2013 Toronto Film Festivali’nde sinemaseverlerle buluşan Afflicted, bir gencin vampire dönüşme hikayesini anlatıyor. Genç sinemacılar Derek Lee ve Clif Prowse’nin yazıp oynayıp yönettiği film, korku türünde son zamanlarda sıkça kullanılan sahte belgesel havasındaki başarısıyla dikkat çekiyor.
Derek Lee’nin hayatı kendine AVM (Arteriovenöz malformasyon) teşhisi konulmasıyla birlikte tümüyle değişir. Yaşamakta olduğu hayatı arkasında bırakıp yapmak istediklerine odaklanma kararı veren Derek’in en büyük destekçisi ise yakın arkadaşı yönetmen Clif’tir. Dünya turuna çıkma planlarını daha fazla ertelemek istemeyen Derek, Clif’le birlikte bu maceraya atılmaya ve seyahatleri boyunca yaşadıklarını kaydederek vidyo-blogda yayınlamaya karar verir. Sandıklarından çok daha hareketli başlayan bu macerada kendilerini ummadıkları bir hızla ummadıkları bir noktada dururken bulurlar.
Birkaç kısa filmi bulunan ikilinin filmde sahte belgesel (pseudo-documentary) tekniğinden faydalanmasının yararları pek çok noktada görülüyor. Yeni oldukları bir alanda fazla iddialı görünmeme ve kamera karşısında oyunculuk yeteneği gerekliliğinden uzaklaşıp daha doğal olabilecekleri bir alana kaçabilme adına bir hayli yardımcı oluyor. Bunun yanı sıra hikayenin paylaşılması, yani kayıtların bulunması derdini ortadan kaldıran internet blo gu fikri de filmin gerçekçiliğine katkı sağlıyor. Fakat gerçekçilik noktasına gelecek olursak filmin senaryosundaki mantıksızlıklar bazı noktalarda bir hayli rahatsız edici oluyor. Örneğin Paris’te başlayan bir dünya turunun bir sonraki durağı olarak Vernazza’nın seçilmiş olması pek de anlamlı gelmiyor. Ya da hikayede gelişen olaylar çerçevesinde devreye hemen Interpol’ün girmesi pek gerçekçi durmuyor. Ya da IP adresinden ve telefonlardan kimin nerde olduğunu bilgisinin kolaylıkla elde edilmesine karşın Derek’in barınaktayken bulunamaması, kameraların şarj edilmemesi gibi birçok detay göz ardı ediliyor. Düşük bütçeli bir film olmasından dolayı pek fazla beklenti duyulmayan efektlerin basitliği de rahatsız ediyor. Bütün bu detaylar da izleyiciyi içine çekmeye, maceraya ortak etmeye çalışan teknik detayların önüne geçiyor. Son olarak da bir mesaj vermeye ve yaklaşık 90 dakika süren filme bir anlam yükleme çabasına içine giren yapım, bu zorlamasıyla da izleyiciyi kendinden iyice uzaklaştırıyor.

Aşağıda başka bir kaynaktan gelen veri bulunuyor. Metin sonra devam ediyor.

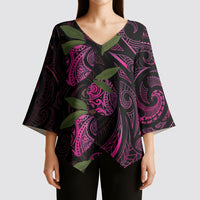 Hawaiian Mango Tribal Tattoo Kimono Sleeve Blouse Pink Pacific Traditional Pattern LT9 - Polynesian Pride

Amatör bir çalışma olarak da nitelendirilebilecek Afflicted, bütün eksiklerine ve zorlamalarına rağmen kimi izleyiciyi belli ölçülerde tatmin edebilecek türden. Korku türüne olan ilgisizliğime karşın beni de belli başlı noktalarda yakalamayı başaran, özellikle de girişte ilgimi bir hayli çeken yapım gündemden uzaklaşmak ve kafa dağıtmak adına bir alternatif olarak kendine şans buluyor.